• **Supplied data**:
########

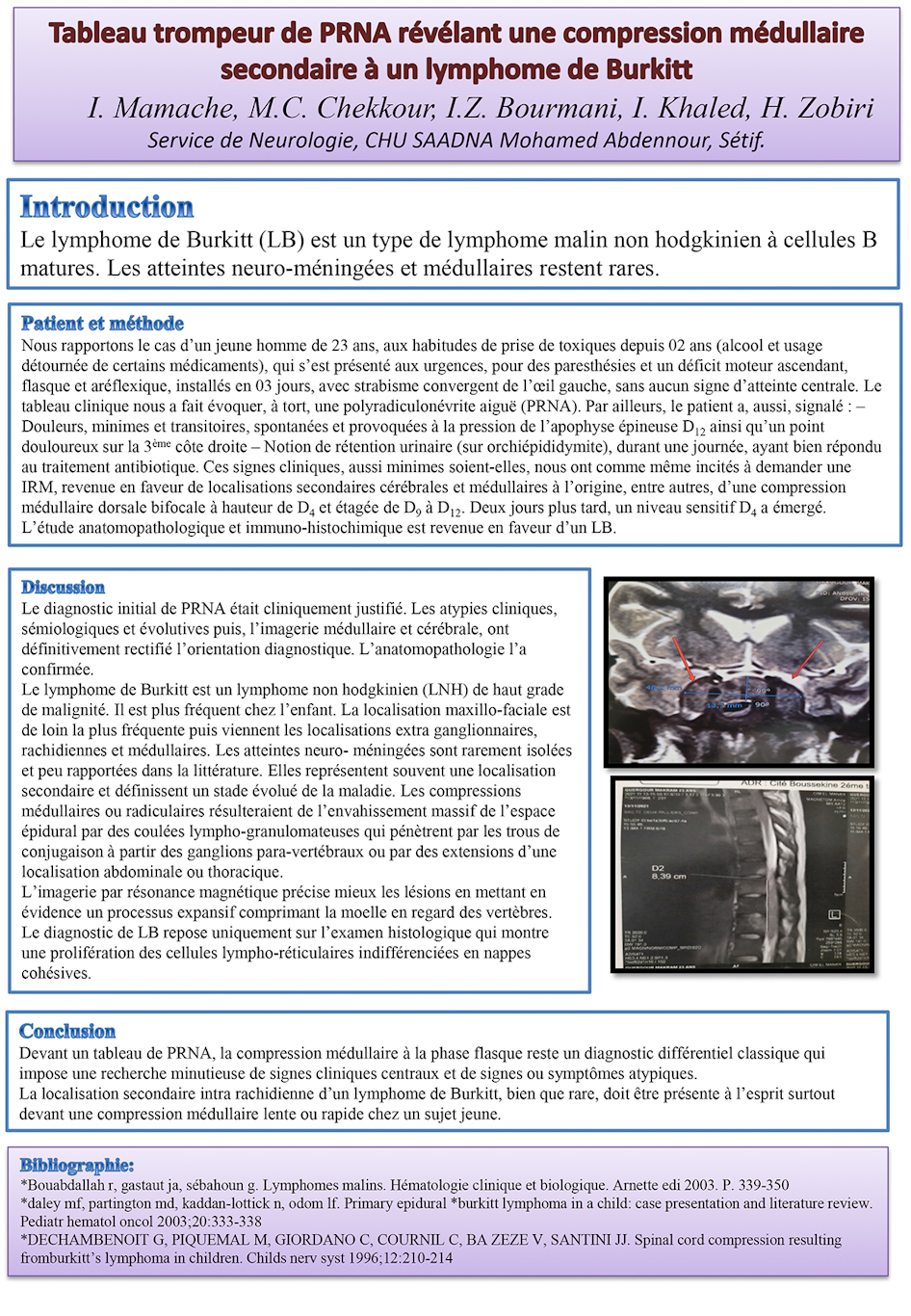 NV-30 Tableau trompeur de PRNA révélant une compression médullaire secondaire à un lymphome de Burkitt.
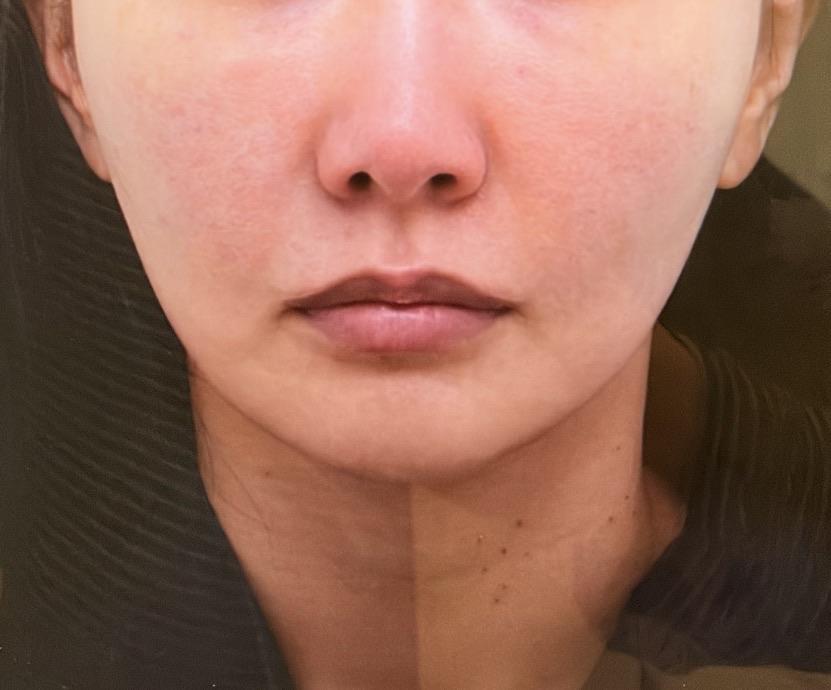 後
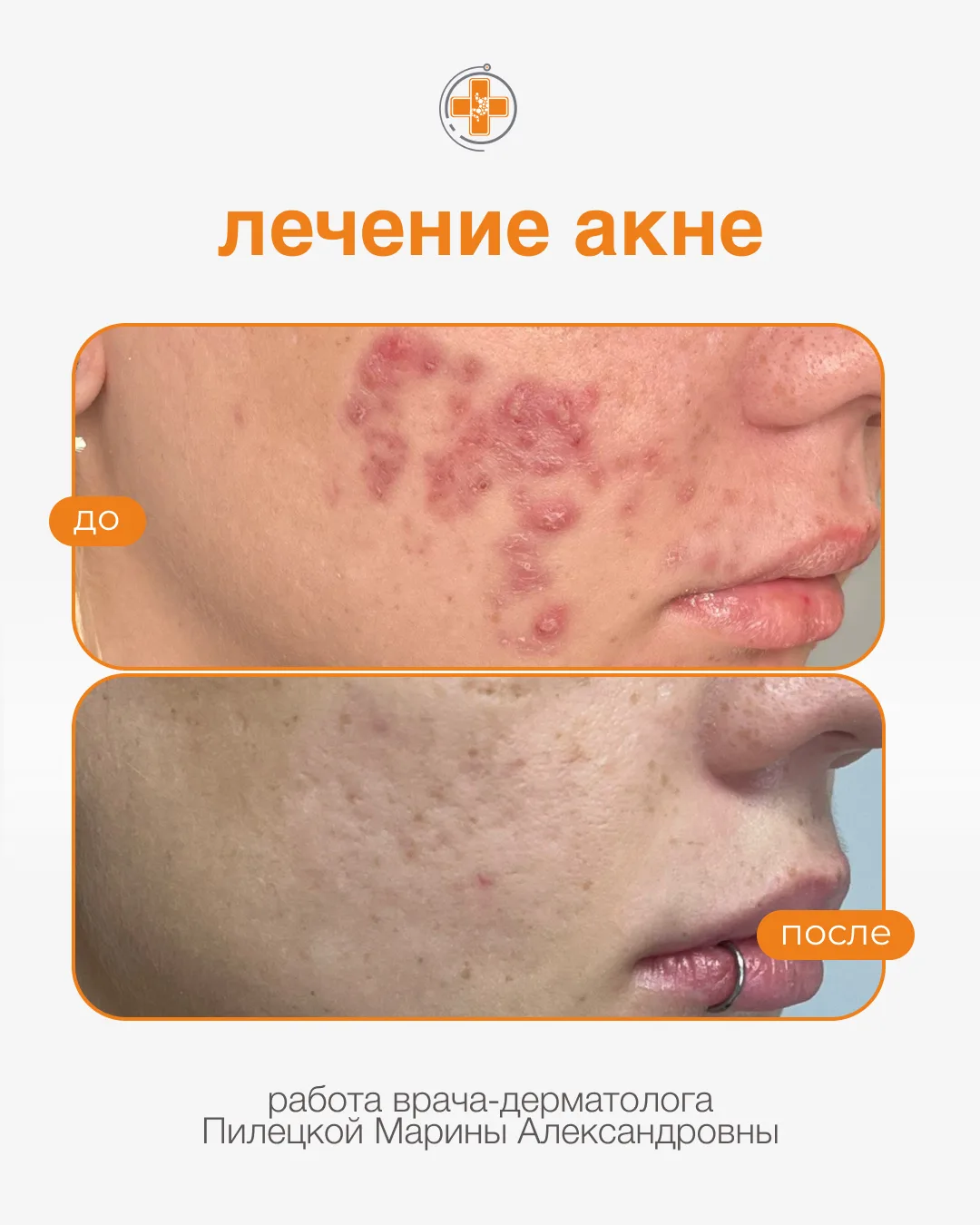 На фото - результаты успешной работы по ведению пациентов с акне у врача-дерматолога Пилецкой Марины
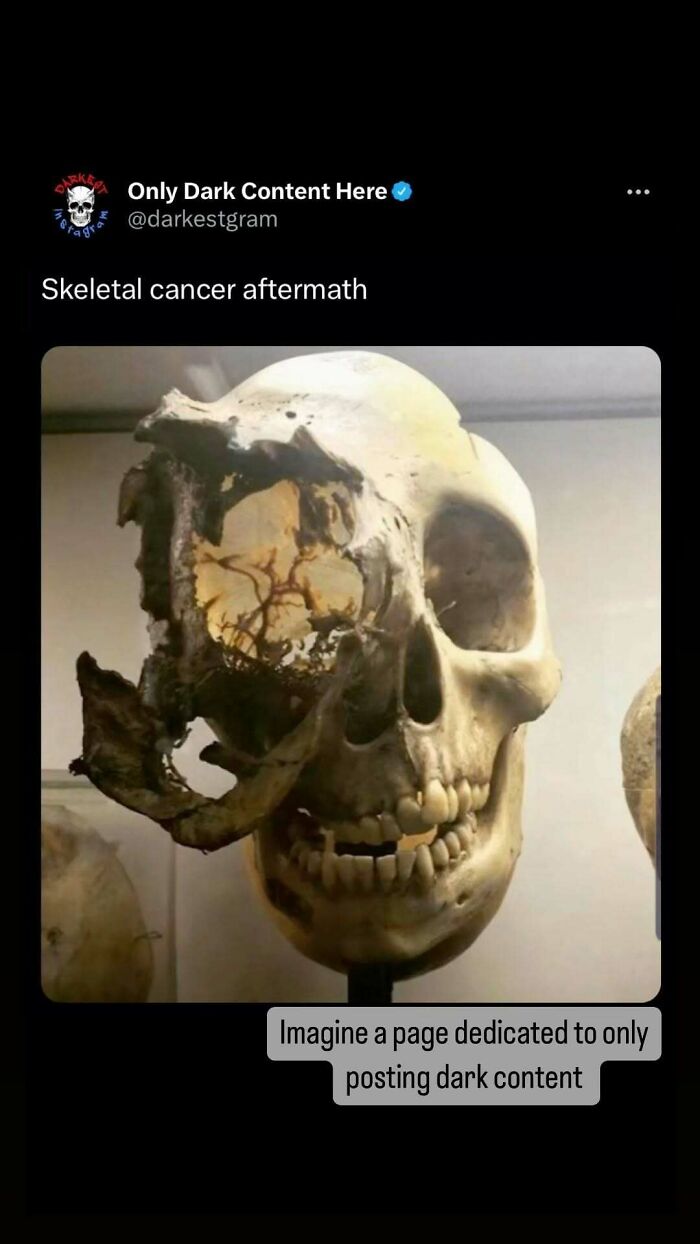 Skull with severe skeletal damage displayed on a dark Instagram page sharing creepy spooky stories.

########

• **Exercise directions**: The result is an exact copy of the lines from the one holding "На фото - результаты" through the final line of the data above, both ends included, minus the pictures.

• **Result for this task**:
 На фото - результаты успешной работы по ведению пациентов с акне у врача-дерматолога Пилецкой Марины
 Skull with severe skeletal damage displayed on a dark Instagram page sharing creepy spooky stories.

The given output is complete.